An appropriate curriculum is essential in education because it aligns with institutional goals, facilitates effective learning, engages and motivates students, ensures equity and prepares students for the future. It is the cornerstone of a successful education system, guiding what students learn, how they learn, and how their progress is assessed, ultimately shaping the learning experience and students' development. The paper introduces and outlines the design of a graduate-level Algorithms and Data Structures course.

A well-rounded graduate-level algorithm course should equip students with the knowledge and skills necessary to tackle complex computational problems and provide them with a strong foundation for both academia and industry. In this paper, the Algorithms and Data Structures course is designed for graduate level students. The syllabus provides a comprehensive understanding of essential algorithm and data structure concepts, laying a strong foundation in computer science.

The course has been structured with the assumption of a 15-week semester. The objectives and contents covered are given below.
Week 1: Introduction to Algorithms and Data Structures, and complexity analysis
Week 2: Basic Data Structures and Searching Algorithms
Week 3: Sorting algorithms
Week 4-5: Divide and Conquer, Dynamic Programming and Recurrence
Week 6: Advanced searching Algorithms
Week 7: Break
Week 8: Graph Algorithms and Set Data Structures
Week 9-10: Graph Algorithms, and Greedy Algorithms
Week 11: Randomized Algorithms and String Matching
Week 12: String Matching Continued
Week 13-14: Advanced Algorithms and Data Structures
Week 15: Complexity Classes and Approximation Algorithms

Topics follow a progressive structure, enabling students to incrementally develop their knowledge and skills. To enhance the learning experience, it is advisable to employ a diverse range of teaching methods, including traditional lectures, whiteboard demonstrations, animations, recorded lecture videos, in-class problem-solving activities, active learning strategies, and group projects. Additionally, the paper outlines a recommended grading scheme.
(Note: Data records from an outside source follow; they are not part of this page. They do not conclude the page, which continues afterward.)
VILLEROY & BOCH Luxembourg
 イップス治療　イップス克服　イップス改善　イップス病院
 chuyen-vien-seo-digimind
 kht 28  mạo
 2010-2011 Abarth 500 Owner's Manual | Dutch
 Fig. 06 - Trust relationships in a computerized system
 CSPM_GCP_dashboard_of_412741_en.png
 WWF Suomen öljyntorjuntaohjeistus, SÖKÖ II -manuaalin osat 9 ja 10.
The following Student Learning Outcomes (SLOs) help instructors and students understand the expected learning outcomes of the course and provide a framework for assessment and curriculum development. The specific SLOs may vary depending on the institution and the course's content and objectives.
SLO 1: Data Structure Mastery
SLO 2: Algorithm Proficiency
SLO 3: Algorithm and Data Structure Design
SLO 4: Problem-Solving Skills

The outlined topics progress in complexity, allowing students to build upon their knowledge and skills gradually. The inclusion of practical applications for algorithms, such as network flows and approximation algorithms, demonstrates their real-world relevance. Regular class tests provide students with multiple assessment opportunities to monitor their progress. On the other hand, covering such a wide array of topics in a single course may result in a fast-paced curriculum, potentially leaving some students feeling overwhelmed. The syllabus's breadth might lead to a lack of depth in some areas, preventing students from achieving mastery in specific topics. While practical applications of algorithms are mentioned, the syllabus may benefit from additional practical exercises or projects that enable students to apply what they have learned in a hands-on manner.

Keywords: Curriculum Design, Course Design, Assessment, Pedagogy.